Saturday 16 May 2020

How Capital Produces Capitalists and Capitalism, and Then Socialism - Part 2 of 13

So, although Marx and Engels saw their theory as being of the same type of materialism as Darwin's theory of evolution, they rejected the use of Darwin's theory itself as a bourgeois apologia for capitalism, or other forms of class society. They particularly rejected the concept of the war of all against all, as Darwin himself developed it on the basis of Malthus' population theory, for the same reasons that they rejected Malthus' population theory itself. It basically explains social phenomena, i.e. the rising up of a certain group of individuals, on an individualistic basis of a survival of the fittest.
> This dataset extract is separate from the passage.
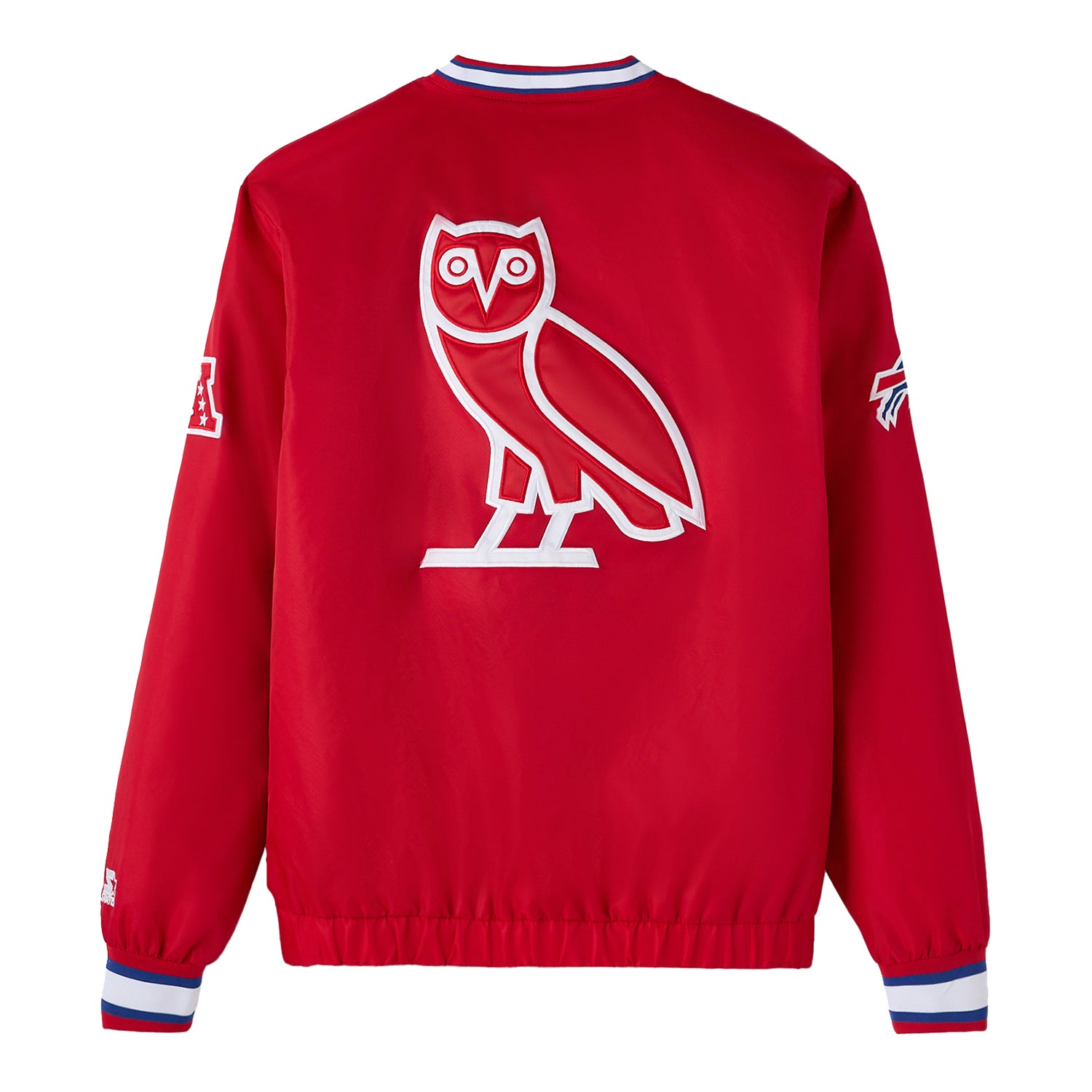 Buffalo Bills OVO x NFL Starter Nylon Popover In Red - Back View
In fact, it is not even a proper application of the Darwinian theory itself, which is about the best adapted members of each species, not necessarily the fittest, smartest or whatever. 

“The whole Darwinian theory of the struggle for existence is simply the transference from society to animate nature of Hobbes’ theory of the war of every man against every man and the bourgeois economic theory of competition, along with the Malthusian theory of population. This feat having been accomplished – (as indicated under (1) I dispute its unqualified justification, especially where the Malthusian theory is concerned) – the same theories are next transferred back again from organic nature to history and their validity as eternal laws of human society declared to have been proved. The childishness of this procedure is obvious, it is not worth wasting words over. But if I wanted to go into it further I should do it in such a way that I exposed them in the first place as bad economists and only in the second place as bad natural scientists and philosophers.” 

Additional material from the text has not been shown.